Brokered CDs balance risk with FDIC protection
What are CDs?
Certificates of Deposit (CDs) are savings certificates that entitle the owner to receive interest on their deposit. Investing in a CD lets you lock in a set interest rate for a specific time period. The CDs available to you through TD Ameritrade are called brokered CDs.
Bank vs. brokered CDs
Brokered CDs are issued by a variety of financial institutions, enabling you to choose the interest rate, maturity range, and issuer that best suits your investment goals. They are similar to CDs purchased directly from a bank except they can be traded on the open market. Brokered CDs sold prior to maturity in a second market may result in loss of principal due to fluctuation of interest rates, lack of liquidity or transaction costs.

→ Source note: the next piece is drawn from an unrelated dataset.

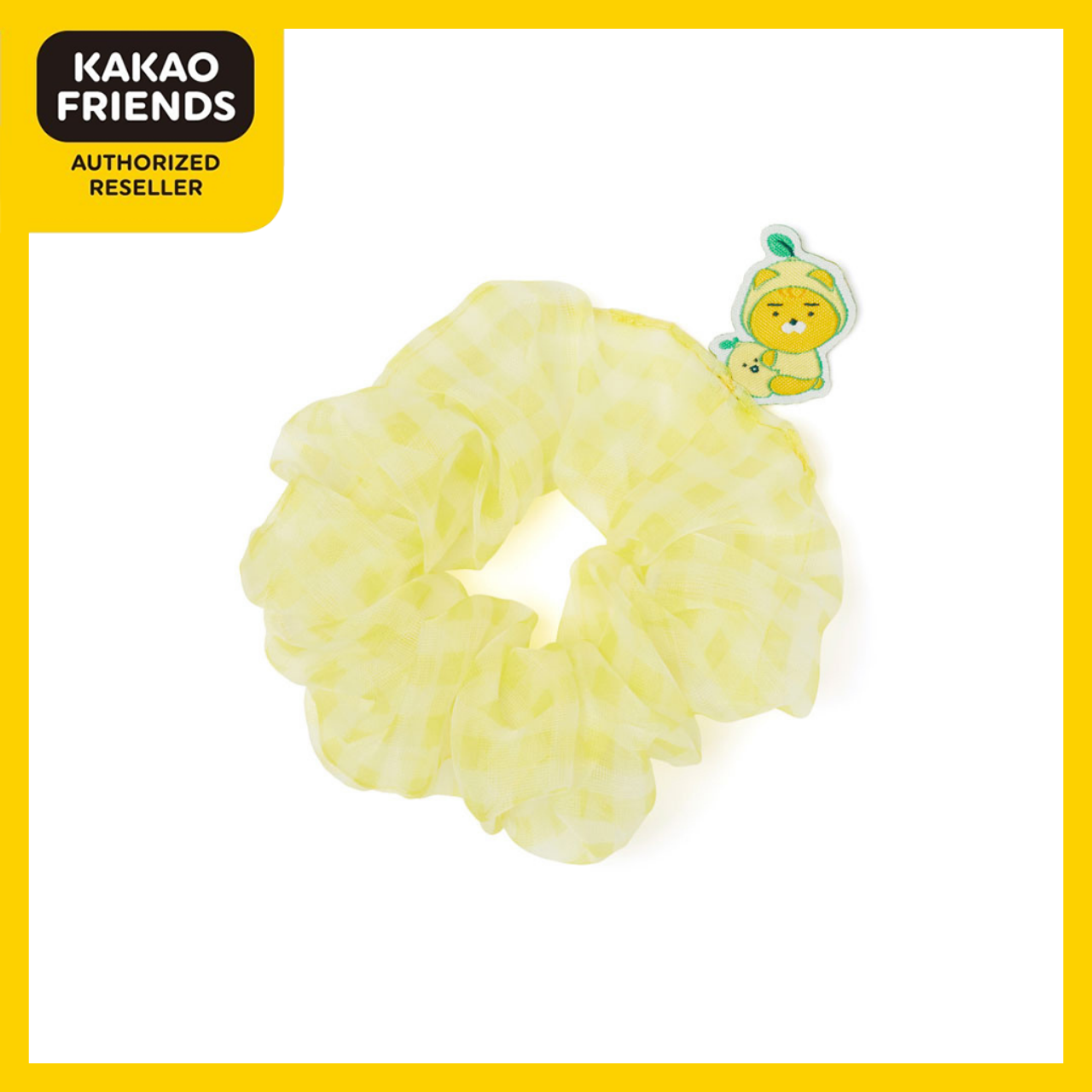 Dây Chun Buộc Tóc Lemon Terrace Ryan Kakao Friends Chính Hãng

Why buy CDs through TD Ameritrade?
More Choices - Buying a CD through TD Ameritrade gives you access to a wide variety of issuers, so you can survey the marketplace for the CD that fits your investing goals.
FDIC Protection - CDs offered through TD Ameritrade are FDIC-insured up to $250,000 per depositor per insured bank, including any interest accrued. Your CD investments are insured up to the FDIC limit for each depositor at each issuing institution.

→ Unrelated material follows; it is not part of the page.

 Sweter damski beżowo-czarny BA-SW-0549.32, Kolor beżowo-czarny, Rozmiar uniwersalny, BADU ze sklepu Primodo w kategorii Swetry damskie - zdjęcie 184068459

Knowledgeable Support - No matter what level of support you need, our Fixed Income Specialists are available to help.
Features and benefits
Reliable Income: CDs are designed to provide a steady and predictable income over the time period you choose.
Affordable Minimum Purchase: CDs are available for an initial investment as low as $2,000.
Estate Planning: Most CDs offer estate protection which allows the investment to be redeemed at face value upon the death of the holder.
Selling Before Maturity: If you need to sell a CD before its maturity date, the sale proceeds may be more or less than your initial investment.1
Call Features: Some CDs may include a provision that allows the issuing bank to "call" or redeem the CD prior to maturity at a given price.
FDIC Coverage Limits: CDs are insured up to the FDIC limit per depositor per institution. If the total amount you have in deposit obligations at a specific institution exceeds the insurance limit, your deposits may not be fully protected.
Credit Risk: Since CDs are a debt instrument, there is a risk that the issuing institution will default. FDIC insurance helps mitigate that risk.